> Data to use:
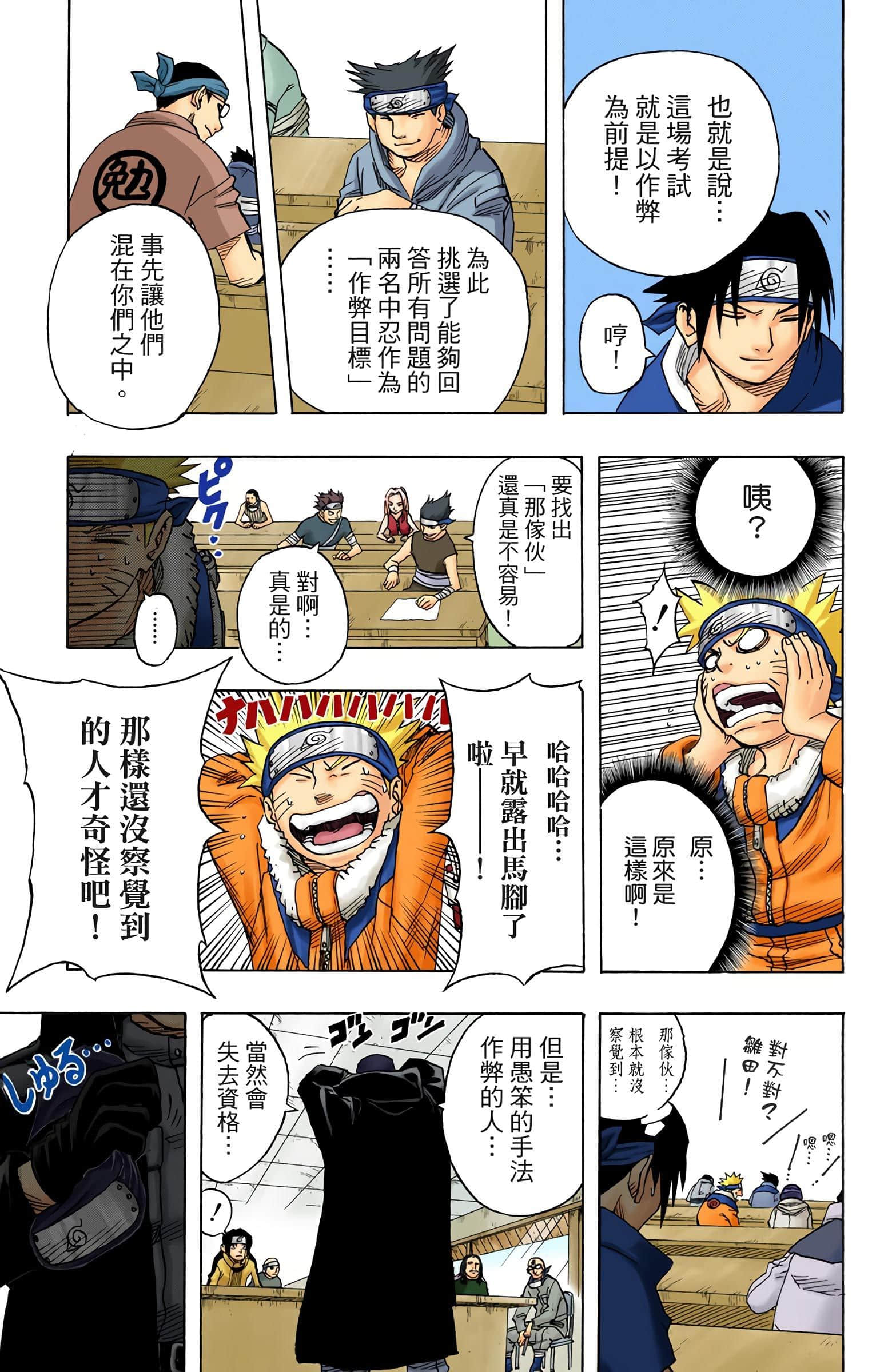 Page 147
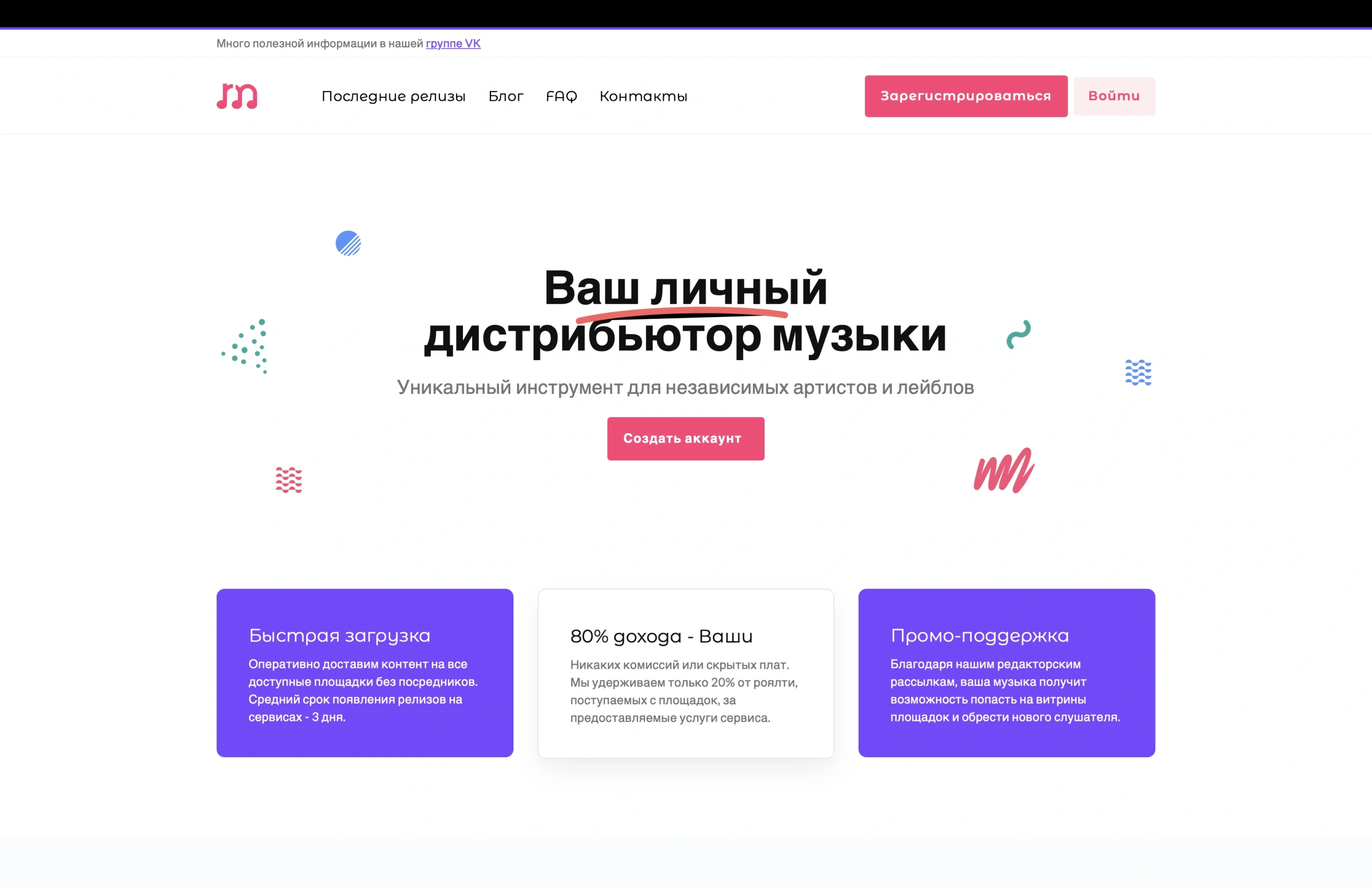 Сайт RUMEDIA: дистрибуция музыки и 80% дохода артисту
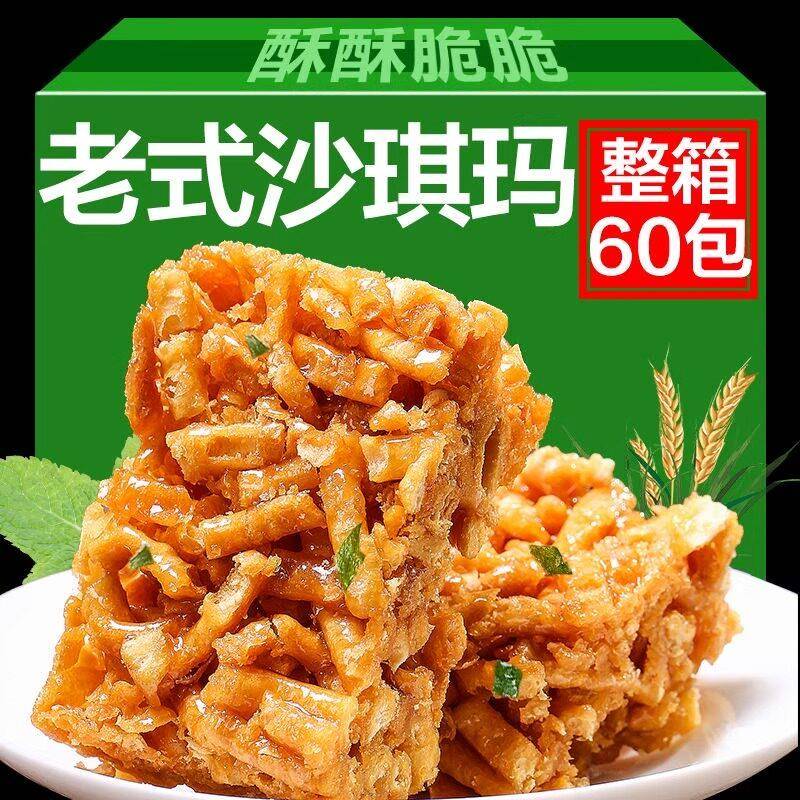 老式休闲小零食酥脆沙琪玛琪玛酥8090后怀旧老式硬脆小零食整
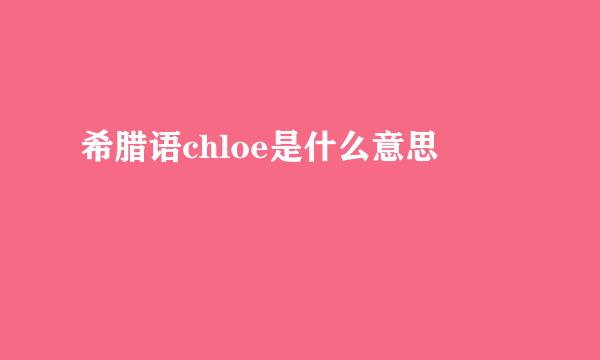 希腊语chloe是什么意思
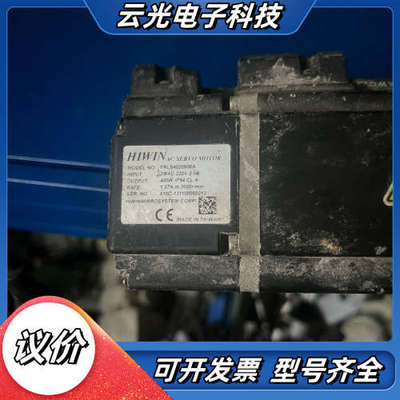 台湾上银伺服电机FRLS4020506A，正品，成色如图议价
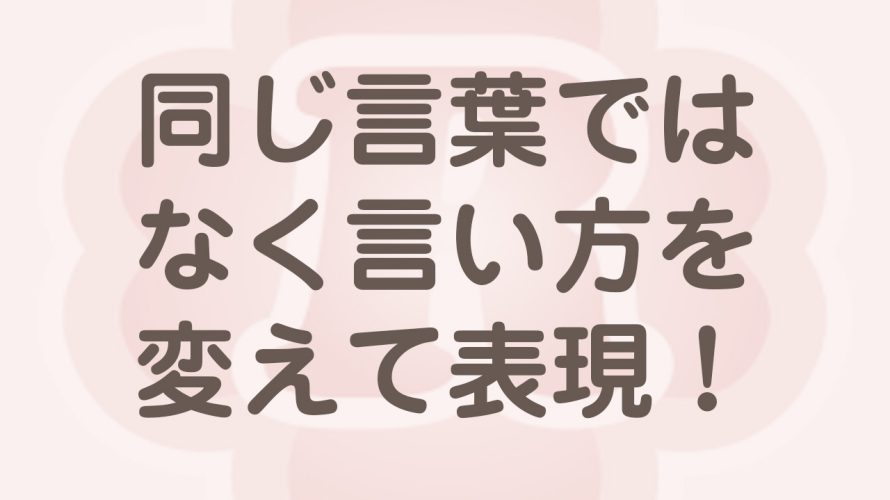 ホームページに何度も同じ言葉を使うのは…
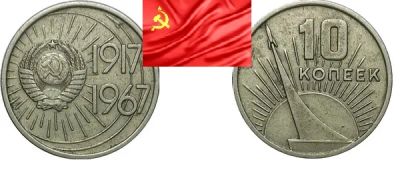 Лот: 19221627. Фото: 1. 10 копеек 1967 50 лет революции. Россия и СССР 1917-1991 года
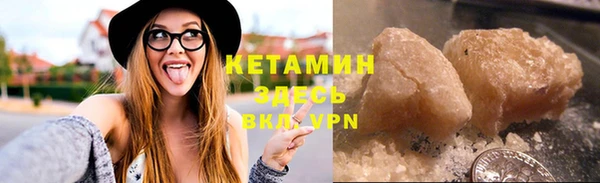 мдпв Переславль-Залесский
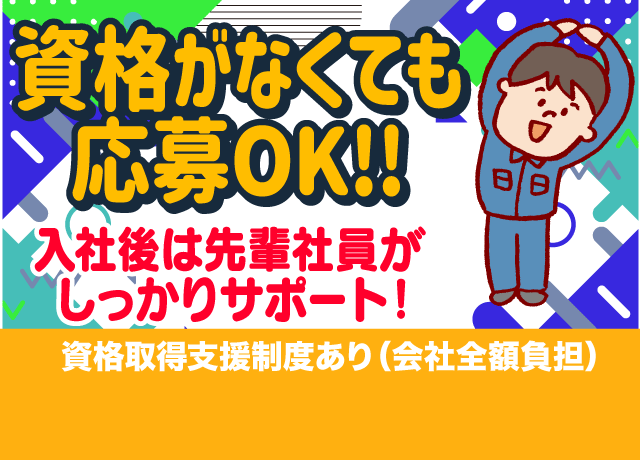 資格がなくても応募OK！資格取得支援制度（会社全額負担）を利用してスキルアップ可能♪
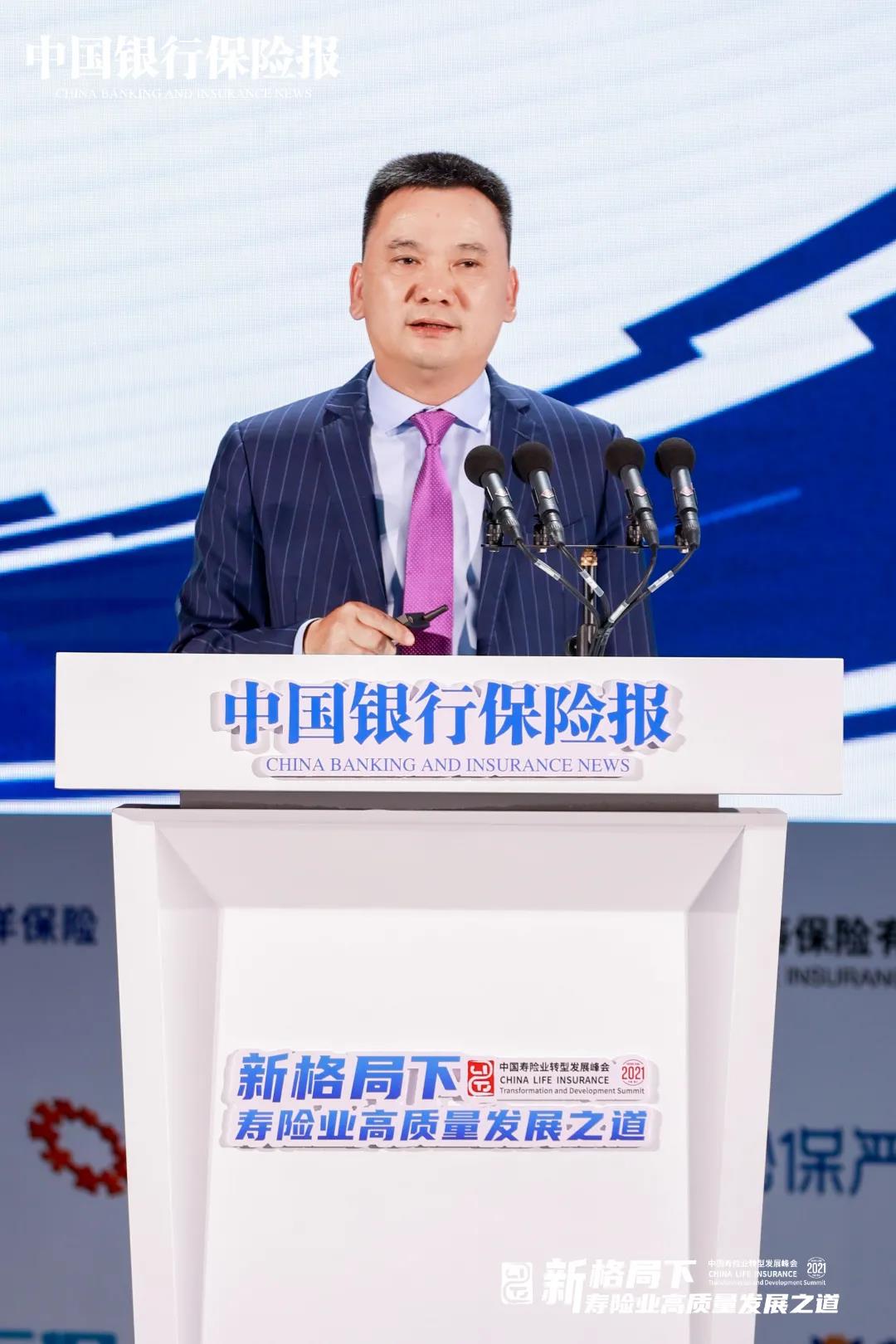 微信图片_20210916094827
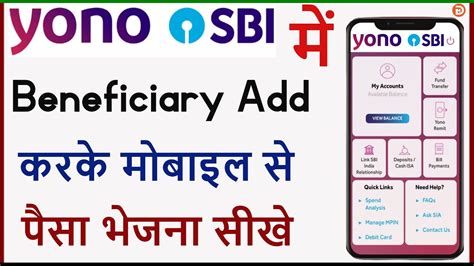 Sbi Yono App Me Beneficiary Kaise Add Kare How To Add Beneficiary In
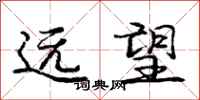 龐中華遠望行書怎么寫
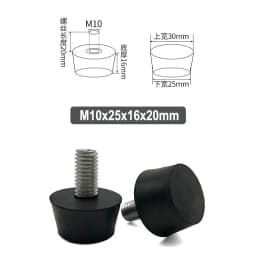 4Pcs Rubber Adjustable Feet Pad With Screw M8 M10 M12 Table Chair Balck Leveling Foot Pad Furniture Leg Anti-shock Protections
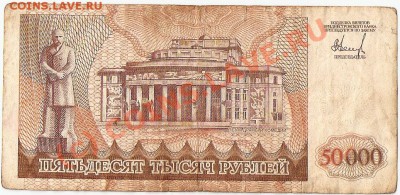 Оцените кучку иностранных бонн - ScannedImage-456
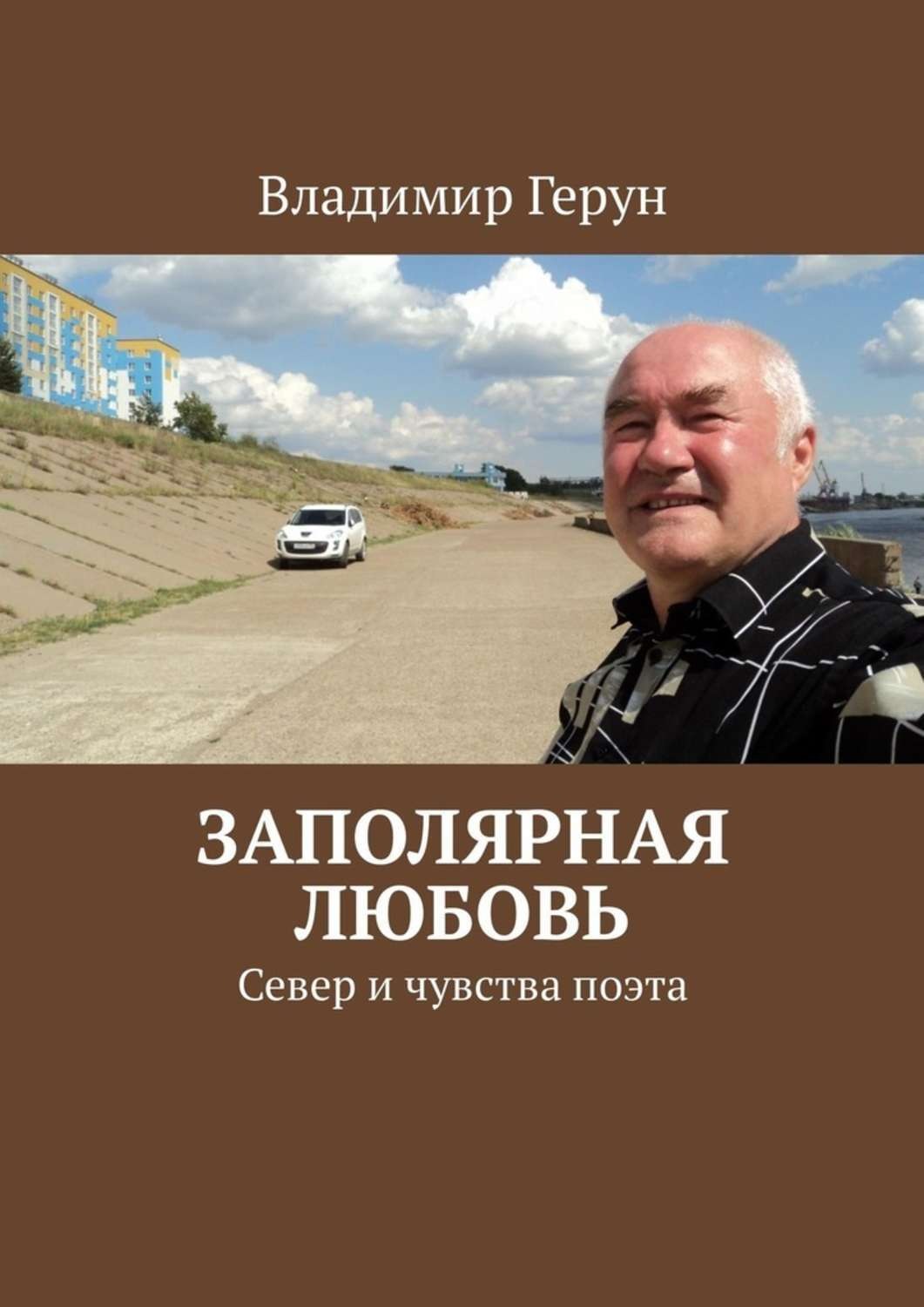 Обложка книги «Заполярная любовь. Север и чувства поэта»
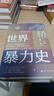 甲骨文丛书·剑桥世界暴力史（第一卷）：史前和古代世界（套装全2册） 实拍图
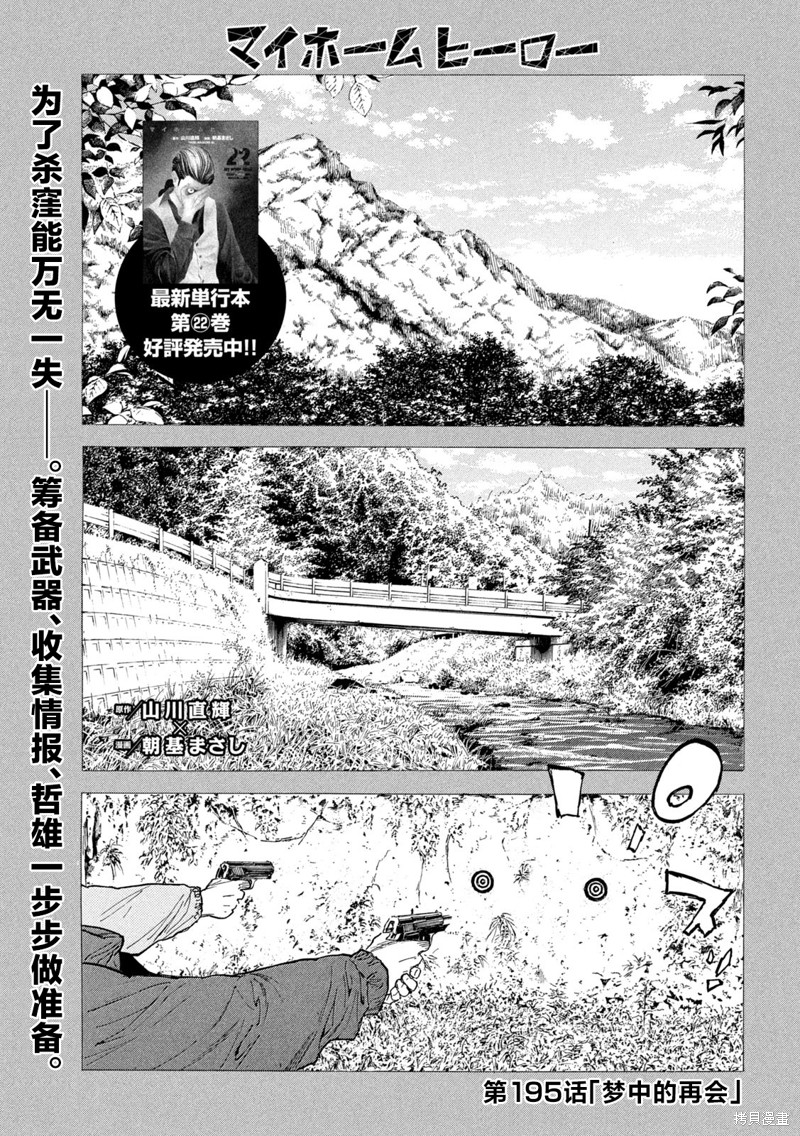 MY HOME HERO 第195话 单击左键进入下一页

> Exercise prompt: Once more, give the listing above exactly, leaving each picture out.

> Finished task:
 Page 147
 Сайт RUMEDIA: дистрибуция музыки и 80% дохода артисту
 老式休闲小零食酥脆沙琪玛琪玛酥8090后怀旧老式硬脆小零食整
 希腊语chloe是什么意思
 台湾上银伺服电机FRLS4020506A，正品，成色如图议价
 ホームページに何度も同じ言葉を使うのは…
 Лот: 19221627. Фото: 1. 10 копеек 1967 50 лет революции. Россия и СССР 1917-1991 года
 мдпв Переславль-Залесский
 資格がなくても応募OK！資格取得支援制度（会社全額負担）を利用してスキルアップ可能♪
 微信图片_20210916094827
 Sbi Yono App Me Beneficiary Kaise Add Kare How To Add Beneficiary In
 龐中華遠望行書怎么寫
 4Pcs Rubber Adjustable Feet Pad With Screw M8 M10 M12 Table Chair Balck Leveling Foot Pad Furniture Leg Anti-shock Protections
 Оцените кучку иностранных бонн - ScannedImage-456
 Обложка книги «Заполярная любовь. Север и чувства поэта»
 甲骨文丛书·剑桥世界暴力史（第一卷）：史前和古代世界（套装全2册） 实拍图
 MY HOME HERO 第195话 单击左键进入下一页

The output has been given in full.